For seven hundred years, all or part of modern day Spain and Portugal was under Muslim rule. In the year 711 CE, an Arab and Muslim led army crossed the Mediterranean from Morocco to Spain and conquered a Christian kingdom advancing across Spain and up into central France before being stopped.

This was in the decades immediately after the death of the Prophet Mohammed when the new Muslim religion had conquered north Africa, Arabia, the Levant, Persia and reached China and India.

The kind of caliphate that emerged in Spain has traditionally been seen as remarkably tolerant and reaching a very high level of cultural and philosophical sophistication.

It was a place where Muslims, Jews and Christians rubbed along together in what has been termed the ‘convivencia’. Churches, synagogues and mosques existed side by side in contrast to Christian run medieval Europe where Jews in particular were brutally oppressed.

READ MORE: LGBT Muslims in history

But this view has been trashed in a new book called The Myth of the Andalusian Paradise by Dario Fernandez-Morera. He argues the following points:

  • It’s not true that Spain before the year 711 was a barbaric, underdeveloped post-Roman kingdom run by uncouth Visigoths but an emerging civilisation synthesising Roman and Goth culture with a high level of learning and architecture
  • The Arab/Muslim caliphate absorbed the civilisation of the Roman and Persian empires it conquered but independent of those influences, it was an arid desert faith with little culture
  • The conquest of Spain was a militaristic ‘jihad’ and modern scholars, embarrassed to say so, have downplayed the religious element of the invasion
  • Under Muslim rule, Jews and Christians in Spain were reduced to ‘dhimmi’ status forced to pay a special tax and often subject to pogroms and persecution – the much vaunted tolerance is mythical
  • Just because there was liberal thinking among the Muslim elite that ruled Spain doesn’t mean that applied to the general population who were subject to rigid control by Muslim clerics

I have been reading the book as a much needed corrective to some of the muddle-headed thinking about ‘convivencia’ in medieval Spain and Portugal. But I do wonder if the author has pushed his point too hard. I tend to agree with this blogger that at times, Fernandez-Morera is being as dogmatic as those he is criticising.

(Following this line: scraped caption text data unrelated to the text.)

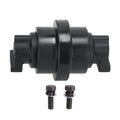 Track Roller for Kubota KX61-2 KX71-2 (RD101-21902 RD30199900)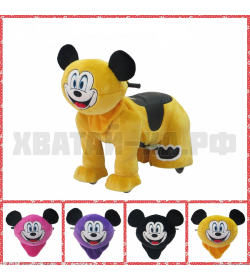 Mickey (модель DW20)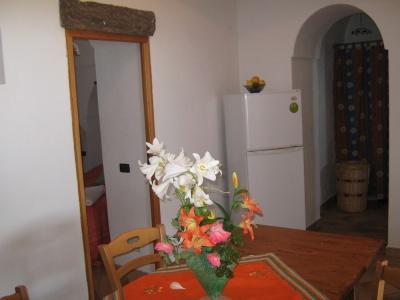 Agriturismo Zibibbodoro - 161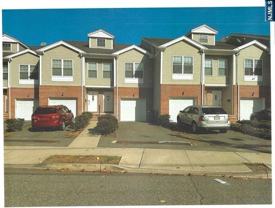 102 Berry St - Photo 1 of 1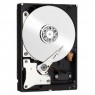 DELL-3000SATA/7-F17 - Origin Storage - Disco rígido HD 3TB 7.2K SATA 3.5"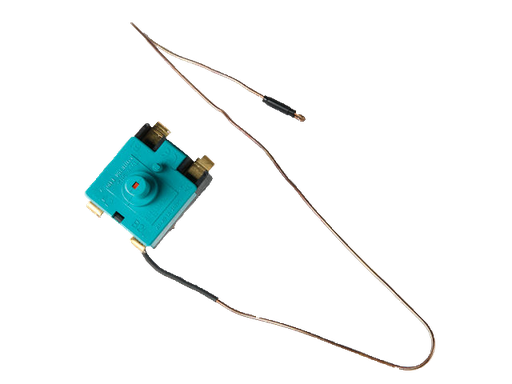 [9.1189.0158.4] Trockenschutz Boiler A4/A5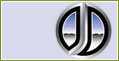 JDR Group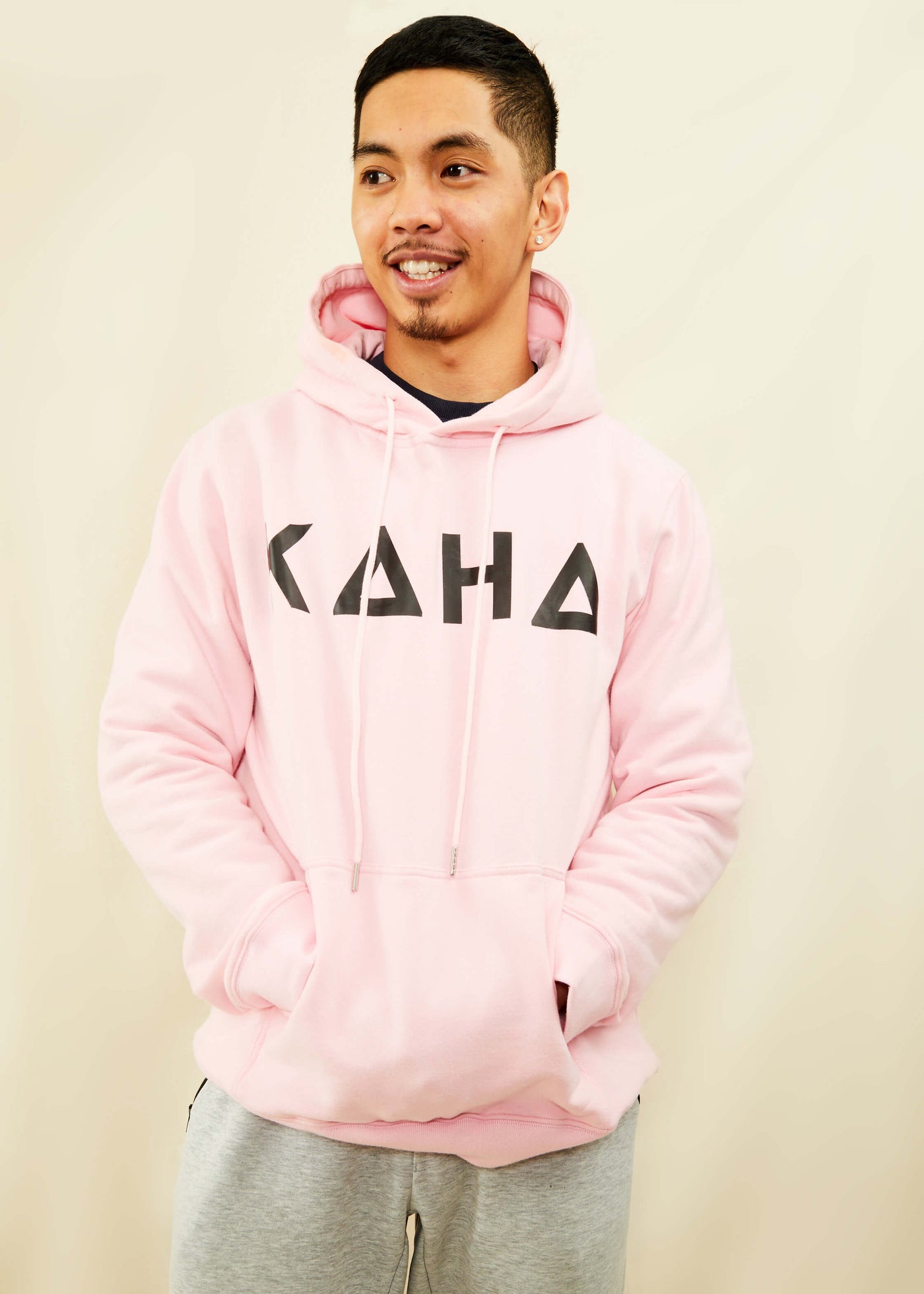 The KAHA OG Hoodie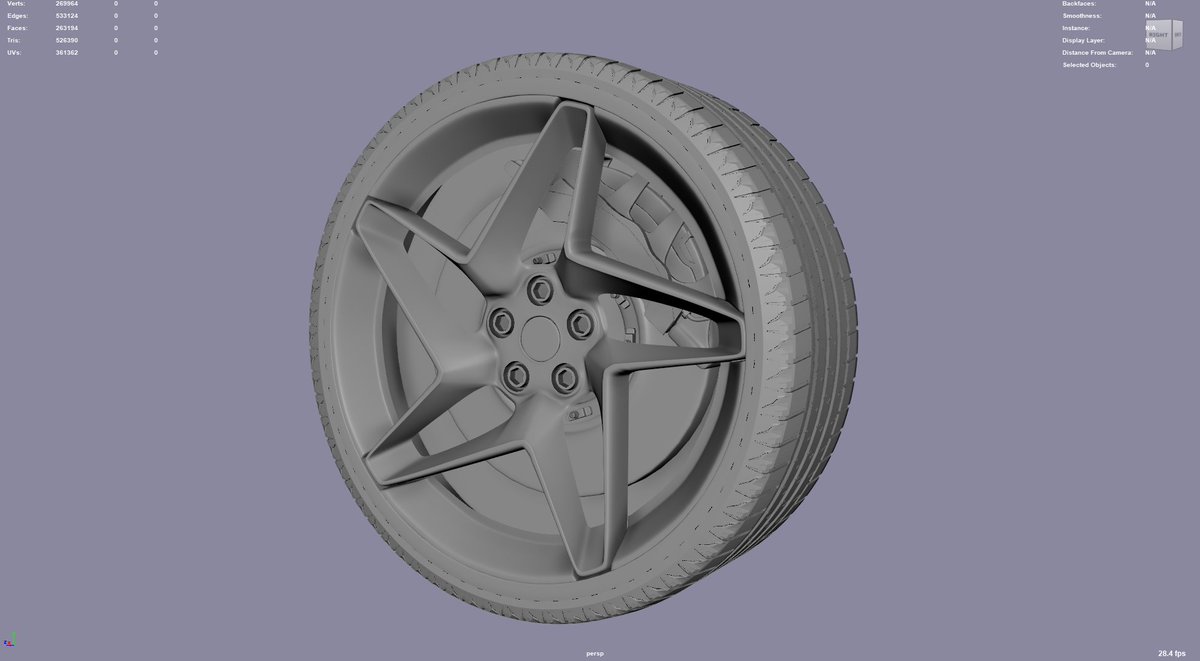 munnacake's tweet image. my baby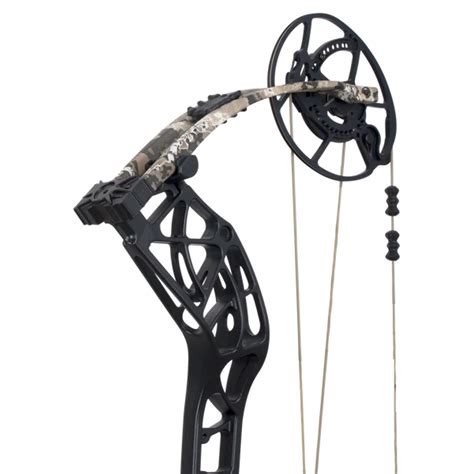 Bear Whitetail Maxx Review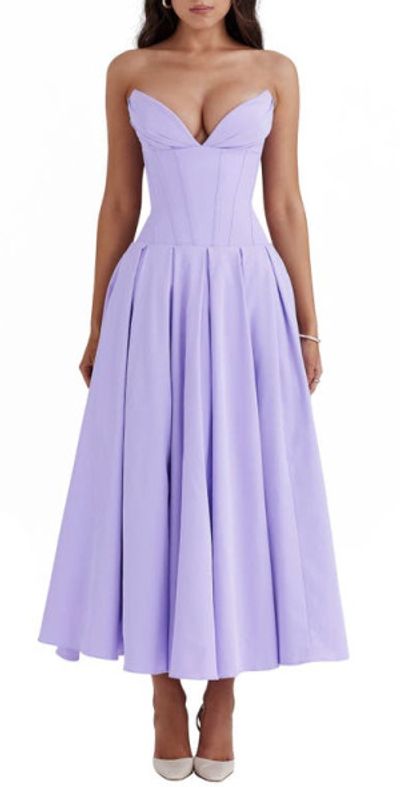 open lace back dress Amazon.com: Women's Cocktail Dresses for Women Evening Party, Tea Party  Dress for Women 2025 Wedding Guest Dress Prom Semi Formal Dress Dusty Pink  S : Clothing, Shoes & Jewelry main image 1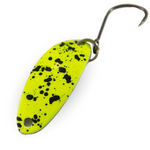 Wahadłówka Madey Pazur 3,3g | Crazy Flo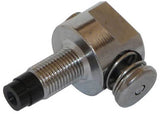 Snelontluchting Best Fittings M10x1 voor MDE kraan (2)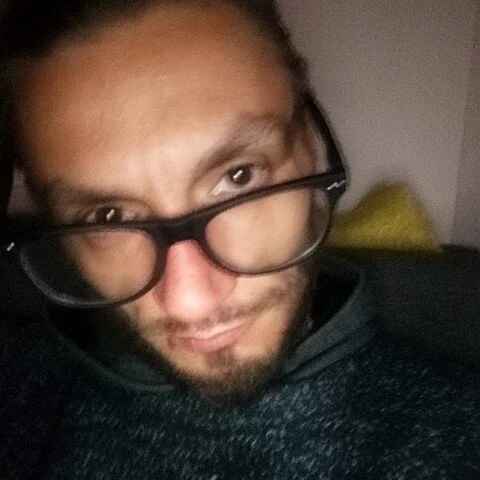SexyFORyourSEX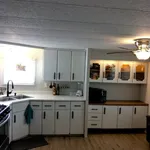 Rent 2 bedroom house in Superstition Springs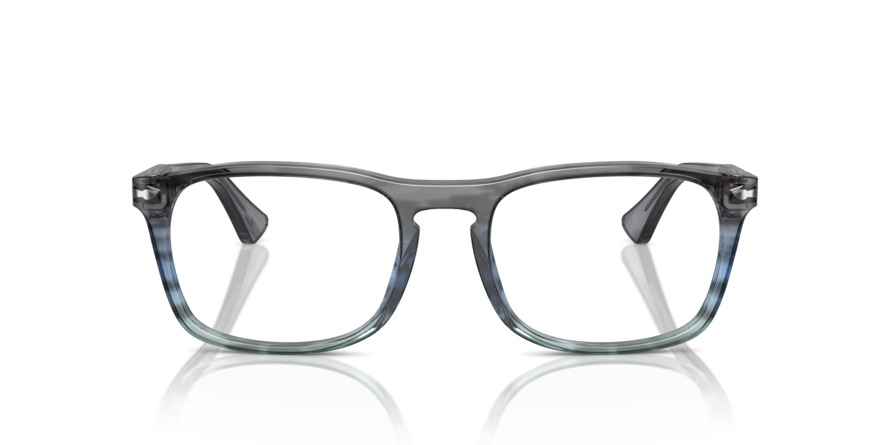 OKULARY KOREKCYJNE PERSOL® PO 3344V 1205 54 ROZMIAR M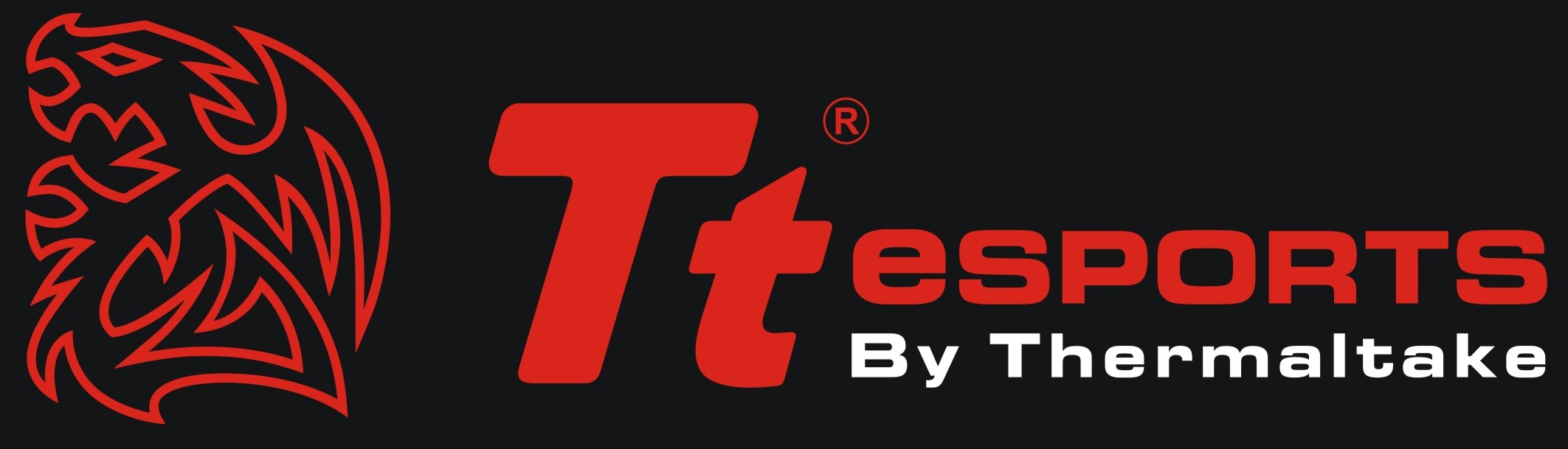 Tt eSPORTS logo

His targets are orientalist scholars over the last century in particular who have wanted to prove that under Muslim rule, tolerance and free thinking was not only possible – but happened in contrast to savage crusader and church run medieval Europe. Those crude stereotypes should be demolished but I was left wanting to know:

  • Where is the evidence for a great Visigothic civilisation?
  • Why did Jewish populations co-operate so readily with the Muslim invaders if Visigoth rule was so enlightened?
  • Weren’t there way more scholars coming out of Muslim ruled Spain than the Christian kingdoms in the north – Leon, Castile and Aragon?

It’s a fascinating and very topical discussion and despite my reservations, I recommend you read this book.